Why did the Romans not consider reviving the position of dictator? I don’t know. I suspect it might have had to do with an anti-monarchical animus that had grown up in the intervening period, as the Romans exceptionalized and valorized themselves above the Mediterranean peoples they had conquered, most of whom had been subjects of kings. In their own eyes, Rome was a society of heroic men who had freed themselves from the tutelage of princes. Perhaps they took their own propaganda too much to heart, the dictatorship seeming too much like a kind of kingship, and kingship too much like tyranny.

What lessons can a free people learn from the breakdown of the Roman Republican constitution? Well, we might note that a wisely formed constitution must make some kind of provision for emergency. This will demand some flexibility, but not of the kind represented by the vagueness of an instrument like the SCU.

The principle here should be: A wise constitution, where it confers extraordinary powers, will also clearly delineate the extent of those powers, and provide clear criteria for their eventual termination.

Where a constitution must grant extraordinary powers to some office or institutional body, it should at the same time curtail whatever other powers it has that are not necessary to meeting the emergency, so that when the emergency has been met, the empowered office or body is not strong enough to subvert the constitution. Thus, when the Romans found it necessary to invest a dictator with undivided imperium, it strictly shortened and clearly delimited the time during which that imperium could be exercised; and when it was found necessary to extend the period of time a proconsul could have imperium, it at the same time limited the extent of territory over which he could exercise it, while making it clear that it was held at the pleasure of the Senate, revocable at any time.

The principle here should be: A wise constitution grants powers with one hand, and takes powers away with the other hand.

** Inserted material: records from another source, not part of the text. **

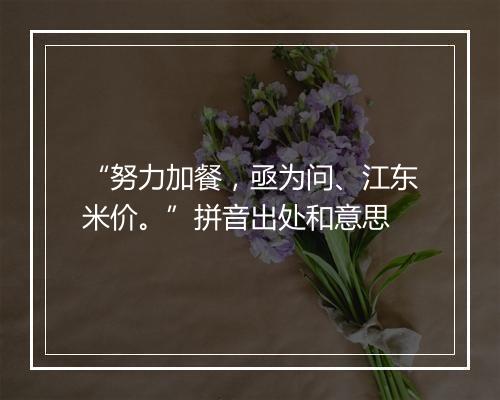 “努力加餐，亟为问、江东米价。”拼音出处和意思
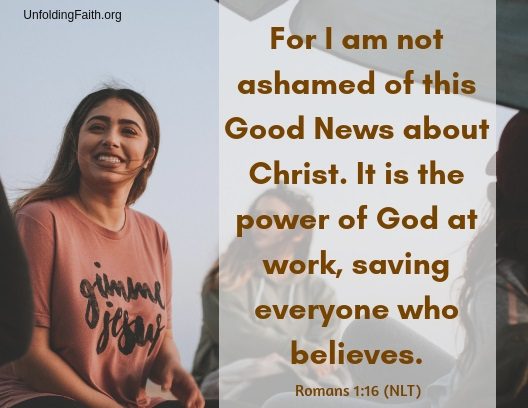 Scripture about sharing the Good News with others, Romans 1:16 from the New Living Translation; "For I am not ashamed of this Good News about Christ. It is the power of God at work, saving everyone who believes."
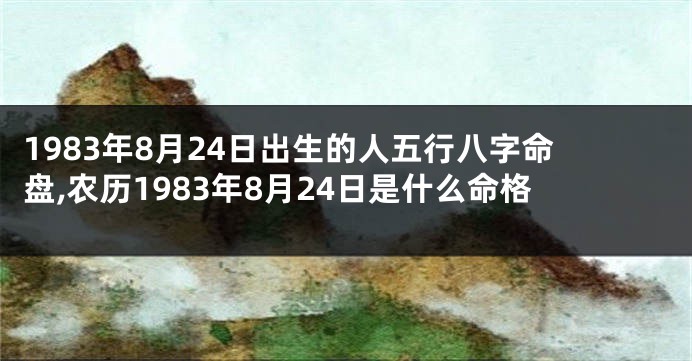 1983年8月24日出生的人五行八字命盘,农历1983年8月24日是什么命格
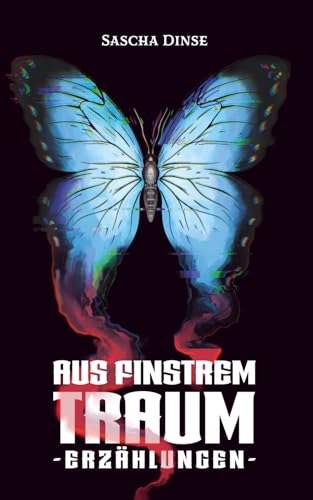 Aus finstrem Traum: Erzählungen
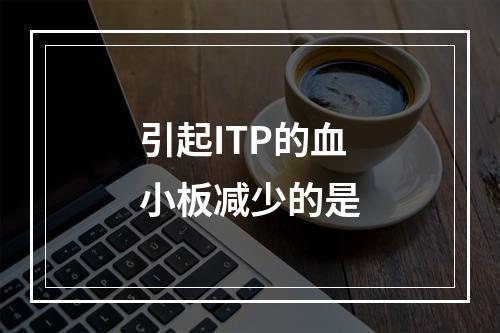 引起ITP的血小板减少的是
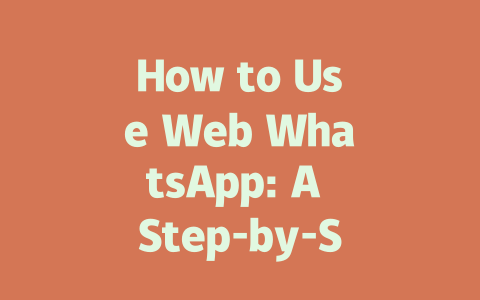 How to Use Web WhatsApp: A Step-by-Step Guide for 2025 一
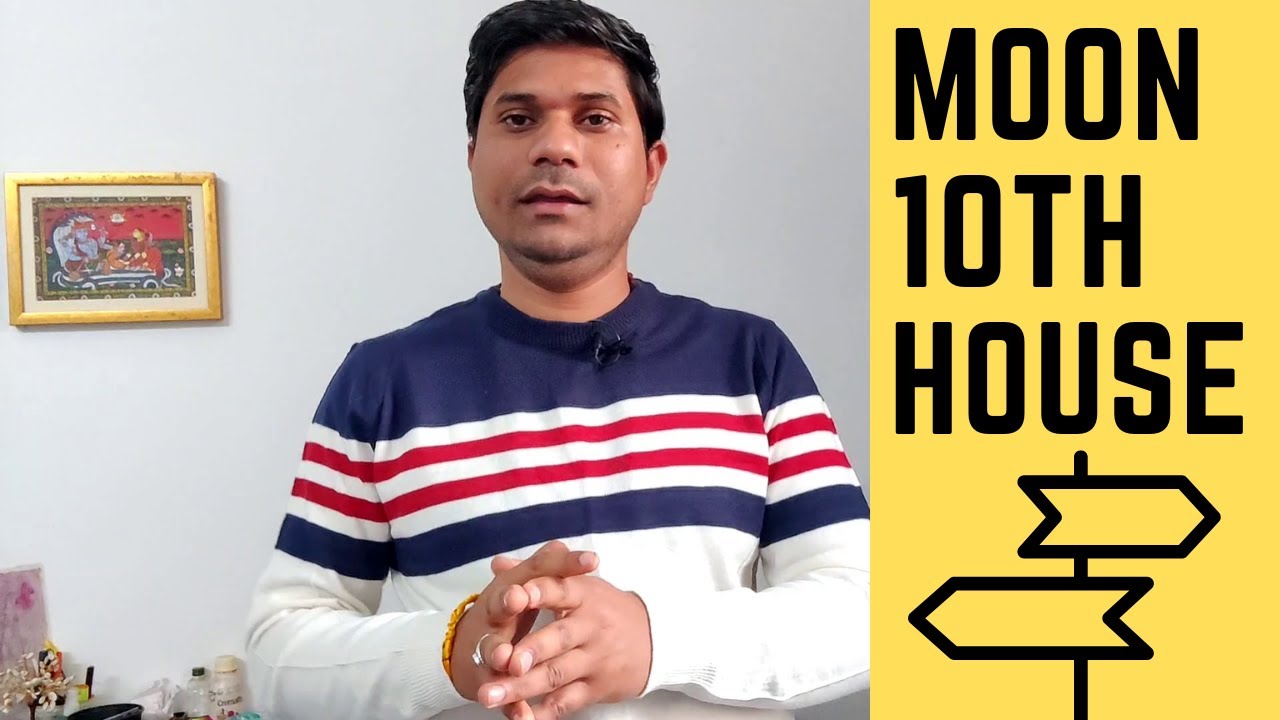 Moon in Tenth House in Vedic Astrology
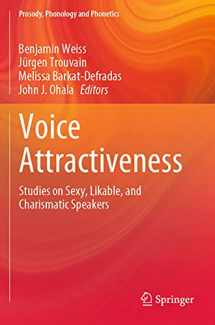 9789811566295-9811566291-Voice Attractiveness: Studies on Sexy, Likable, and Charismatic Speakers (Prosody, Phonology and Phonetics)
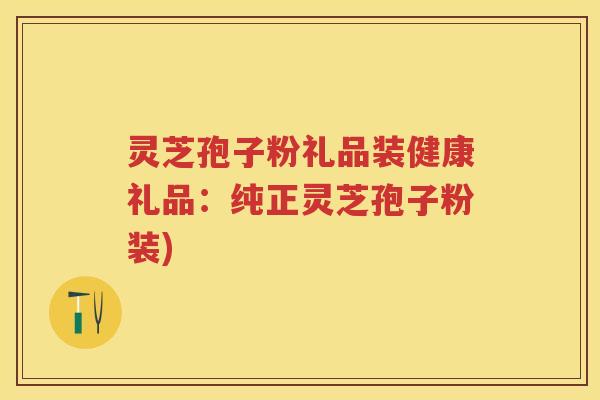 灵芝孢子粉礼品装健康礼品:纯正灵芝孢子粉装) 灵芝孢子粉礼品装健康礼品:纯正灵芝孢子粉装)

Finally, no constitution should contain an instrument like the SCU, providing for its own negation. As a matter of fact, it is not even clear that the Roman constitution allowed for it. For one thing, there is considerable disagreement among historians about the extent to which the SCU was a formalized practice. Some of them would argue that it was less a constitutional principle and more an ill-considered innovation. When a constitution is forced to say “Euthanize me in order to protect me from my enemies,” it is no longer worthy of protection, because it can no longer perform the most vital function of a constitution, which is to protect those subject to it from the arbitrary exercise of naked power.

The principle here should be: A wise constitution abhors a vacuum and contains no gaps or suicide pills.